ORiGAMi - Object Representation through Generative Autoregressive Modelling

| ORiGAMi Paper on Arxiv |

Disclaimer

Please note: This tool is not officially supported or endorsed by MongoDB, Inc. The code is released for use "AS IS" without any warranties of any kind, including, but not limited to its installation, use, or performance. Do not run this tool against critical production systems.

Overview

ORiGAMi is a transformer-based Machine Learning model to directly process semi-structured data such as MongoDB documents or JSON files and make predictions from this data.

Typically, when working with semi-structured data in a Machine Learning context, the data needs to be flattened into a tabular form first. This flattening can be lossy, especially in the presence of arrays and nested objects, and often requires domain expertise to extract meaningful higher-order features from the raw data. This feature extraction step is manual, slow and expensive and doesn't scale well.

ORiGAMi is a transformer model and follows the trend of many other deep learning models by operating directly on the raw data and discovering meaningful features itself. Preprocessing is fully automated (apart from some hyper-parameters that can improve the model performance).

Installation

ORiGAMi requires Python version 3.10 or higher. We recommend using a virtual environment, such as Python's native venv.

To install ORiGAMi with pip, use

pip install origami-ml

You can also clone the repository to your local machine and install the dependencies manually:

git clone https://github.com/mongodb-labs/origami.git
cd origami
pip install -r requirements.txt
pip install -e .

Usage

ORiGAMi comes with a command line interface (CLI) and a Python SDK.
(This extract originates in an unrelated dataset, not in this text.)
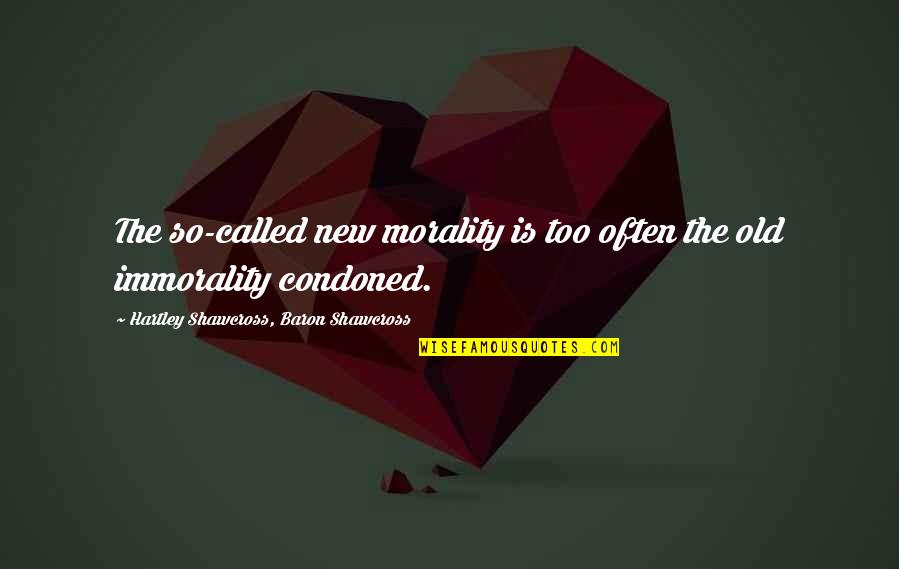 Tetesan Oli Quotes By Hartley Shawcross, Baron Shawcross: The so-called new morality is too often the Tetesan Oli Quotes By Hartley Shawcross, Baron Shawcross: The so-called new morality is too often the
Usage from the Command Line

The CLI allows to train a model and make predictions from a trained model. After installation, run origami from your shell to see an overview of available commands.

Help for specific commands is available with origami <command> --help, where <command> is currently one of train or predict.

Detailed documentation for the CLI and available options can be found in CLI.md.

Usage with Python

To see an example on how to use ORiGAMi from Python, take a look at the provided ./notebooks folder, e.g. the example_origami_dungeons.ipynb notebook.

Experiment Reproduction

This code is released alongside our paper, which can be found on Arxiv: ORIGAMI: A generative transformer architecture for predictions from semi-structured data. To reproduce the experiments in the paper, see the instructions in the ./experiments/ directory.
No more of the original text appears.